GROW BY WATCHING OTHERS. I'm hoping a lot of students will be interested in this option, and you can view the stream of "Growth Mindset" posts to see what others are doing.. One way you can come up with your own growth mindset challenge is by looking at what other students and doing and writing about, and then apply that in some way to your own circumstances, seeing what you can learn from them. So, browse the growth mindset posts by other students in the class and curate them: bookmark and save the ones you like, and pick out a few favorites. Then, write those up in a blog post, providing a link and some comments about why you really liked them. Even better: you can also leave a note for the students on their blogs with a link to the post that you write and see if a conversation gets started.
GROW IN YOUR OTHER CLASSES. Every class you are taking this semester probably presents its own challenges, some of which are easier to manage and some of which might be much harder. Take a few minutes to focus on the most exciting challenge in each of your classes... and then see if there are any interconnections between the challenges in one class and another class. Can you find ways you can work on a challenge in one class that should be helpful as you face the challenges of another class? Maximizing your effort across classes can be a really powerful strategy for moving forward!
TALK ABOUT MINDSET. Take a few minutes to talk about the growth mindset concept with a friend and write up a blog post about your conversation. Had your friend already heard about the growth mindset idea? Are they applying growth mindset ideas already at school and/or at work? Try finding a child to talk with about the growth mindset and see what insights they can offer. If you have children of your own, that might be a great conversation!
SCHOOLS FOR GROWTH. For this blog post, think BIG about the university and the ways in which it does (or does not) promote a growth mindset among students and also faculty and staff. Where do you see OU helping everyone to learn and grow? Where do you see OU holding people back? If President Boren called you up and asked you to name one thing you would like to see done differently to make OU a better learning environment for everyone here, what would you tell him?

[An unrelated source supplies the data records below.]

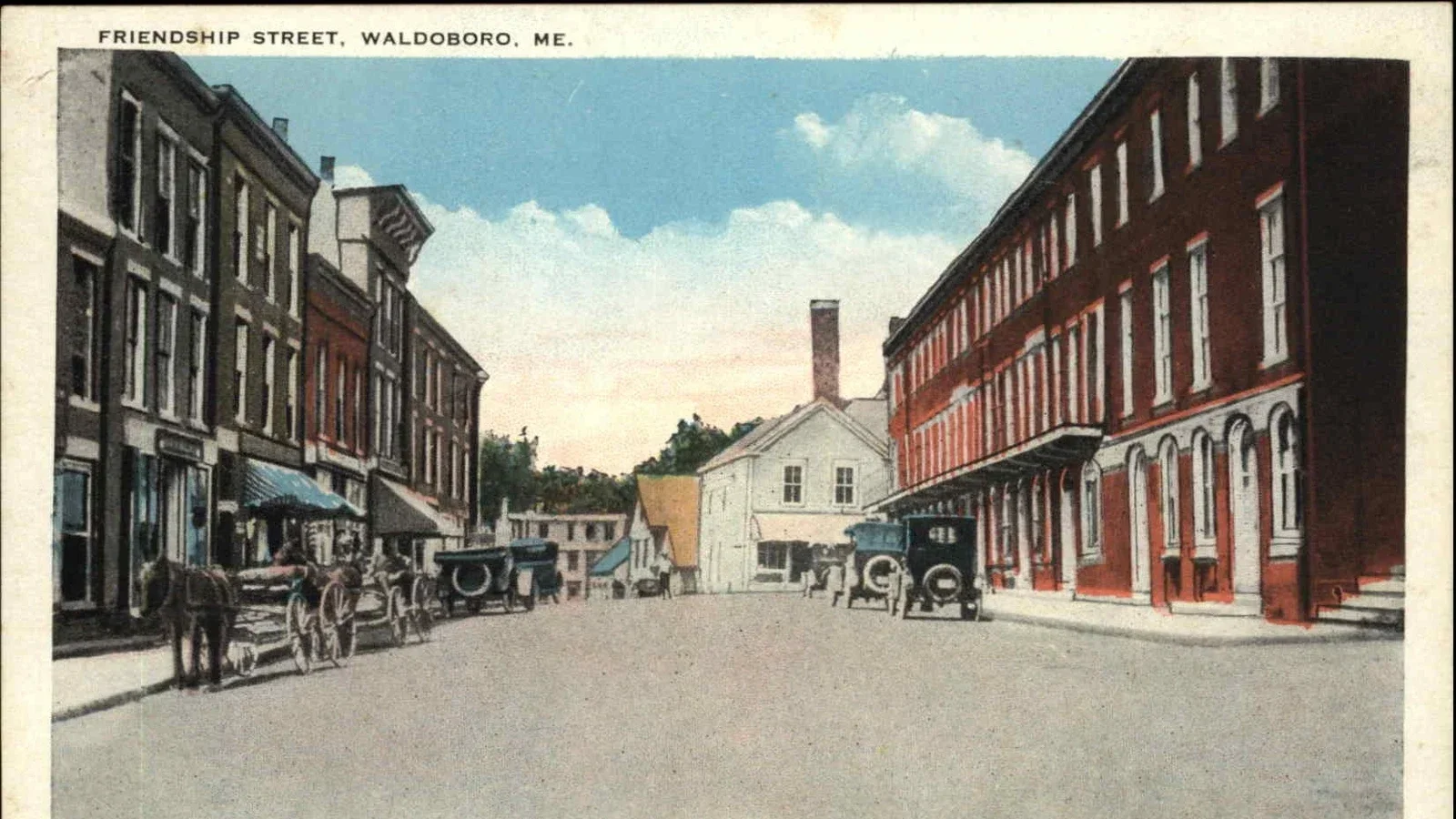 A vintage illustration of Friendship Street in Waldoboro, Maine, showing old brick buildings with storefronts on the left and right sides, several horse-drawn carriages, and a white building with a chimney in the background under a partly cloudy sky.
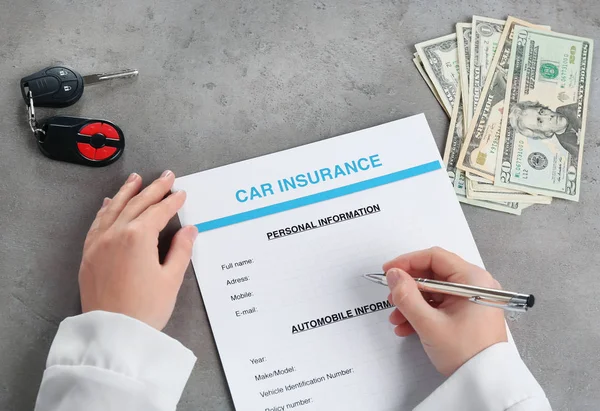 Hand filling in car insurance form — Stock Photo, Image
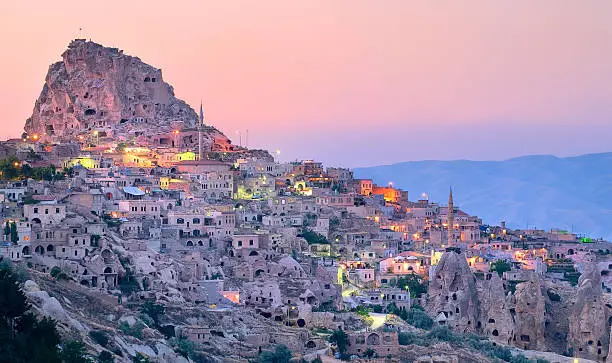 Uchisar cave city in Cappadocia, Nevsehir, Turkey on sunset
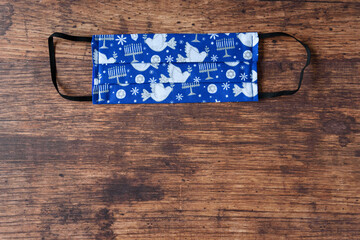 Hand made fabric masks on a wood background, celebrate Hanukkah with Jewish symbols on a blue mask
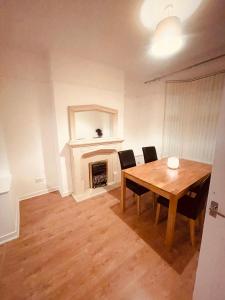 a dining room with a table and a fireplace at BIG SPACIOUS 2 BEDROOM HOUSE, SLEEPS 8, FREE STREET PARKING, EASY ACCESS LOCK BoX ENTRY, NO PARTIES! in Liverpool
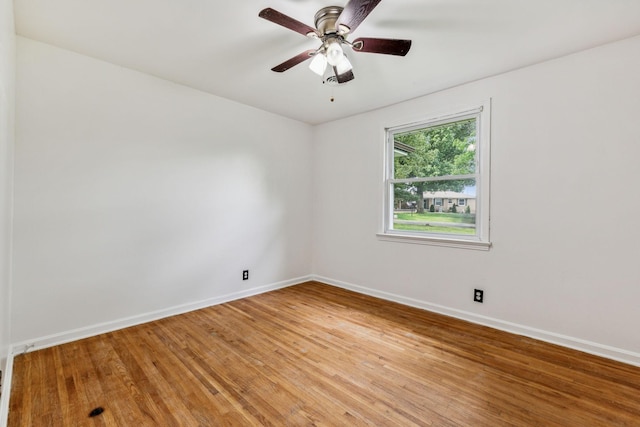 spare room with hardwood / wood-style floors and ceiling fan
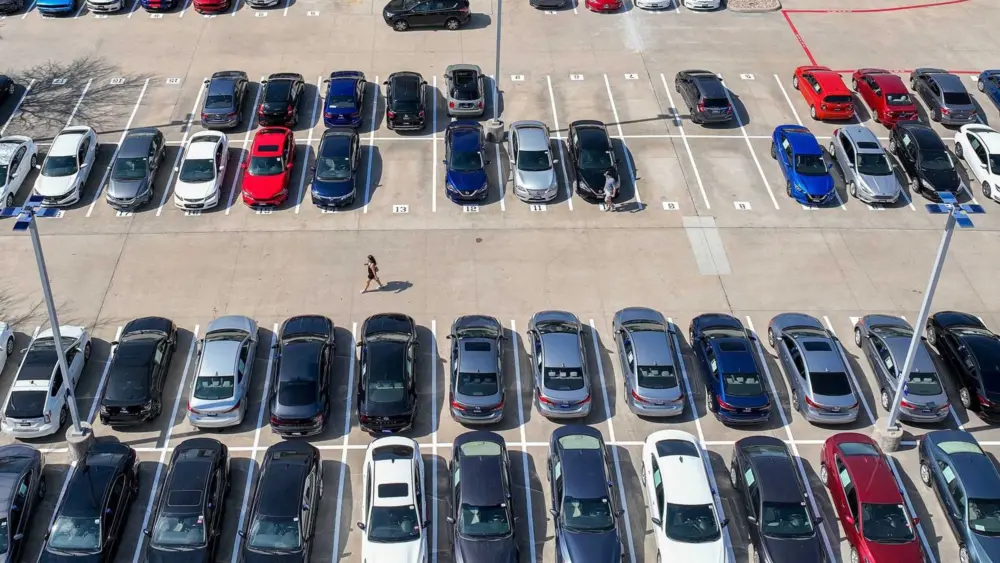 A significant group of Americans are falling behind on their car payments - an economic warning sign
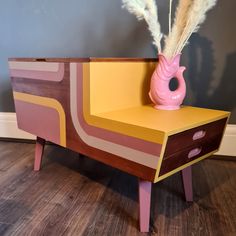 a pink vase sitting on top of a wooden table next to a yellow drawer with two feathers sticking out of it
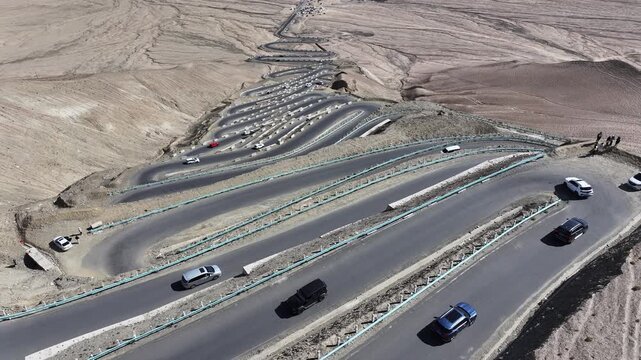 Winding Desert Mountain Road with Cars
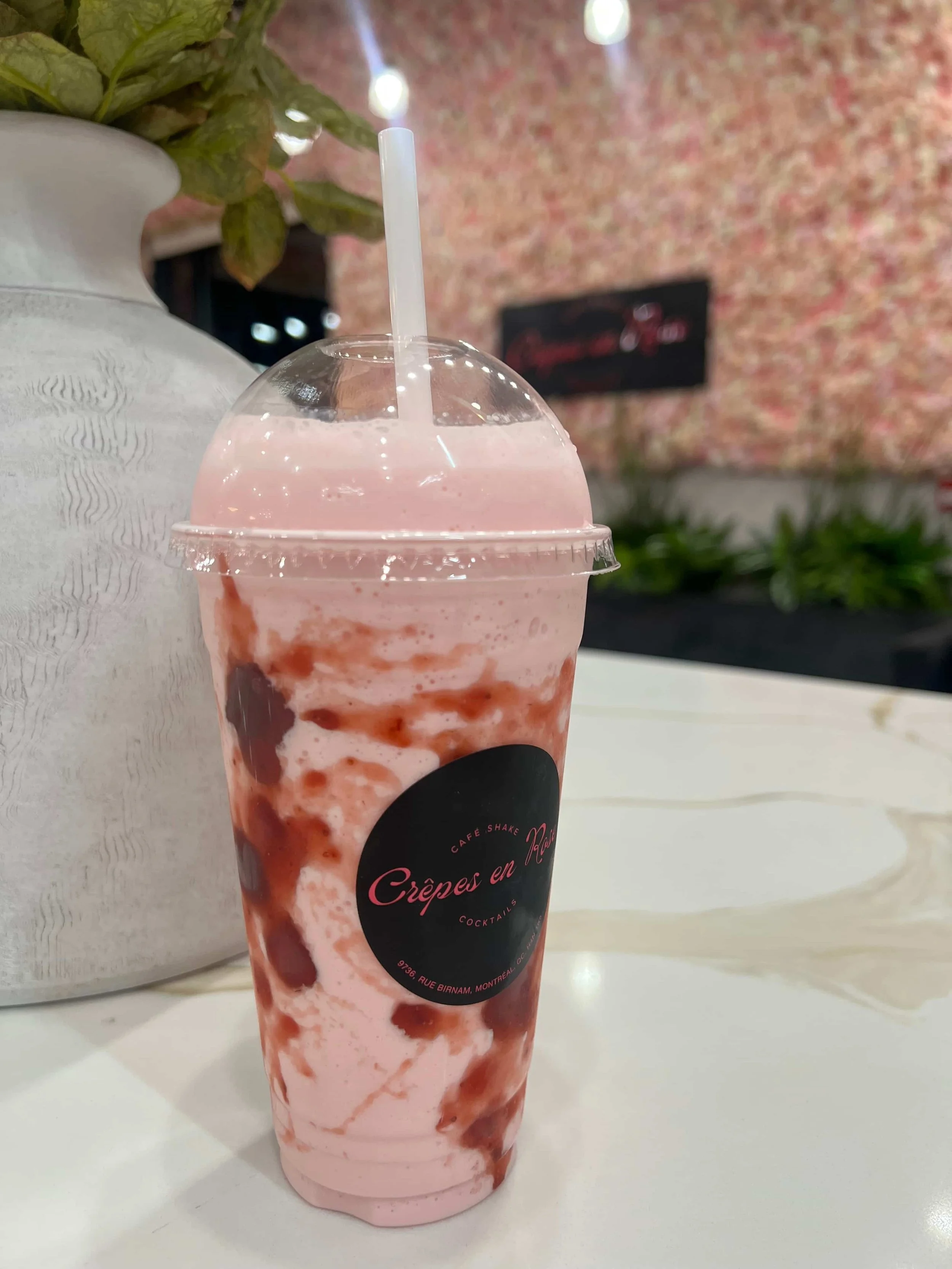 A pink and brown swirled milkshake in a clear plastic cup with a black label reading "Crépes en Rage" and a white straw, placed on a white table inside a cafe.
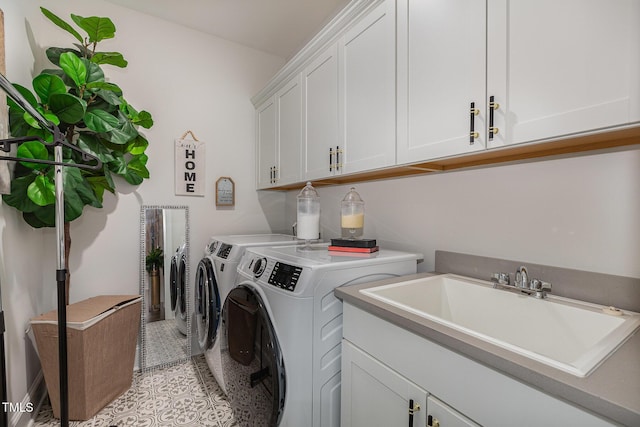 clothes washing area with cabinets, light tile patterned floors, independent washer and dryer, and sink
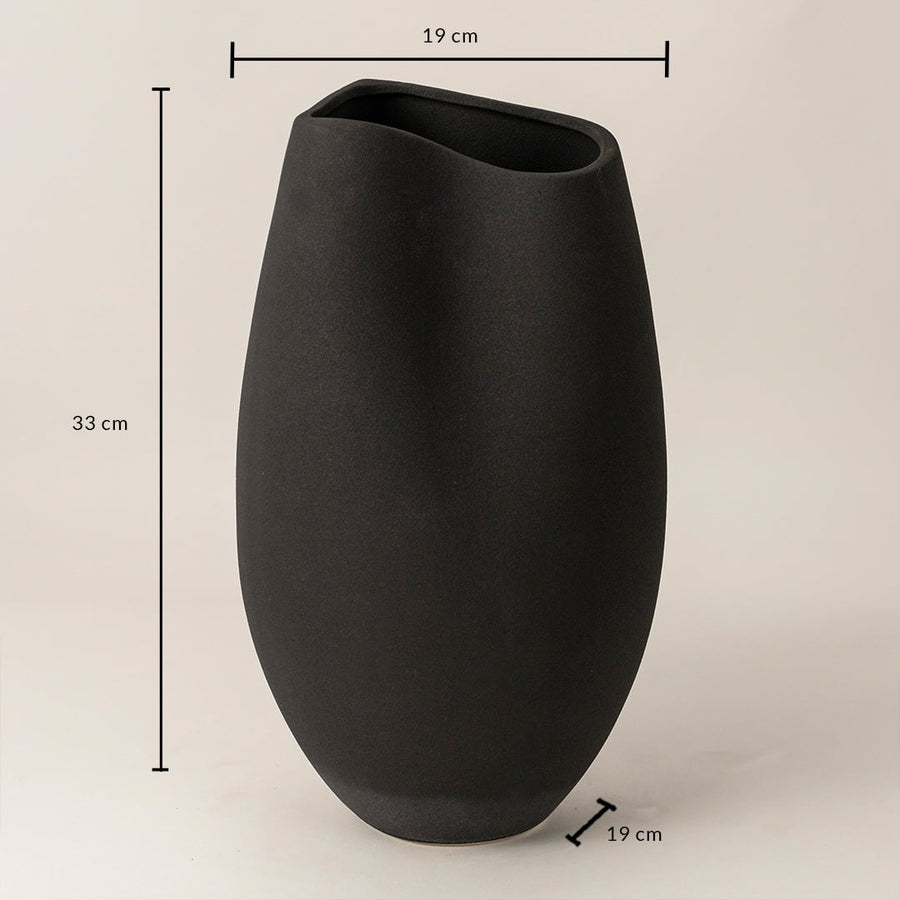 Black ceramic vase measuring 33 cm height and 19 cm width shown on white background with smooth handcrafted finish.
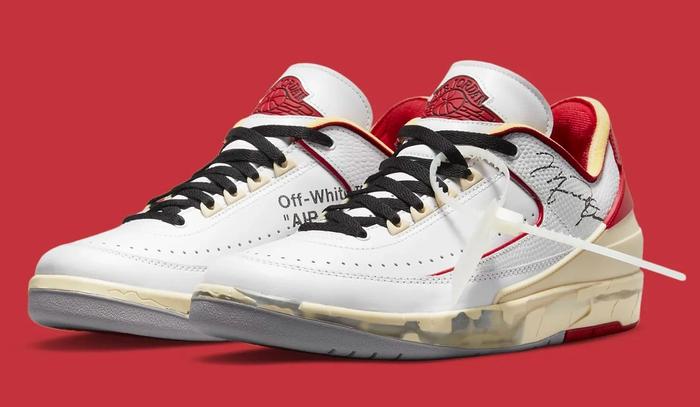 Best Air Jordan 2 colorways Off-White collaboration product image of a pair of white low-tops with red and sail details.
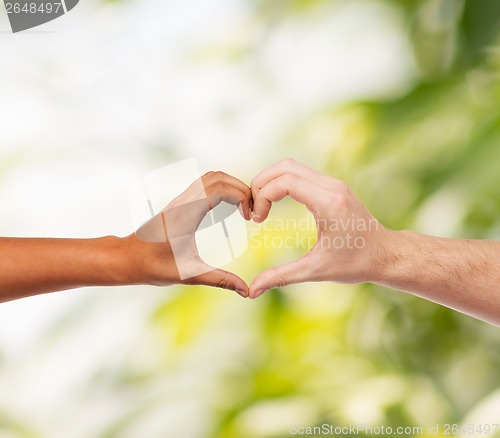 Image of woman and man hands showing heart shape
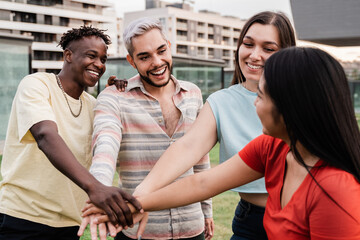 Young diverse group of people celebrating together stacking hands outdoor - Focus on gay man...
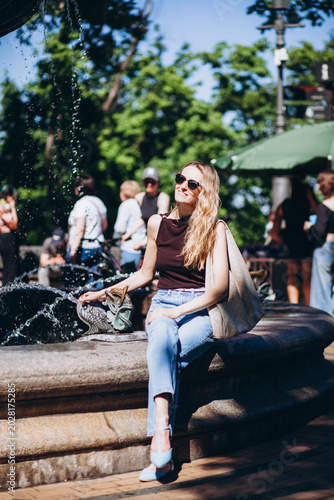 A young woman in the park by the fountain. 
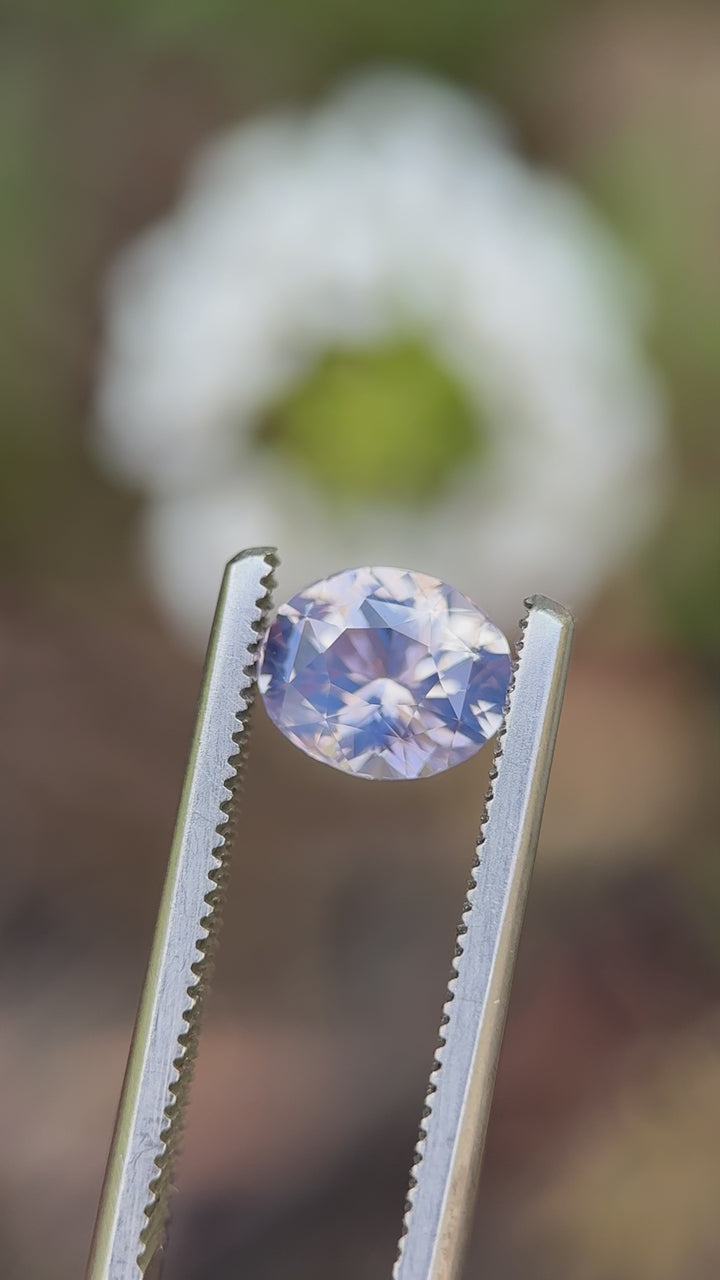 Rotating view of a 1.60-carat opalescent sapphire from Sri Lanka showing blush, lavender, and platinum hues under natural light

GROWTH BEYOND SCHOOL. One of the most exciting things about the growth mindset approach is that it applies to all kinds of learning, not just the formal academic learning that you do in school. So, think about that: where do you see yourself doing the best job of applying the growth mindset in your own life...? Maybe you are a serious athlete, or a foodie, or a musician, or a traveler... so many possibilities! Think about the aspect of your life where you see the power of the growth mindset at work and write that up as a blog post.
MULTIPLE INTELLIGENCES. Carol Dweck's growth mindset is about growing your intelligence... and Howard Gardner, a professor at Harvard, has studies the many different kinds of intelligence that we have. For this challenge, read about Howard Gardner's Multiple Intelligences, and share your reaction. Which of these intelligences do you think you are able to grow in the classes that you are taking this semester? What intelligences would you like most to grow in the future?
Help me to improve this assignment... Please let me know how I can improve this assignment (for example: more ideas for blog posts!) and/or how I can do a better job of promoting the growth mindset in other assignments for class. An incredibly important part of the growth mindset is getting good feedback from others, and that means your feedback is really important. Pretty much all the good things in these classes are from ideas students shared with me in the past, so take this opportunity to share some ideas. I would be really curious to hear what you think!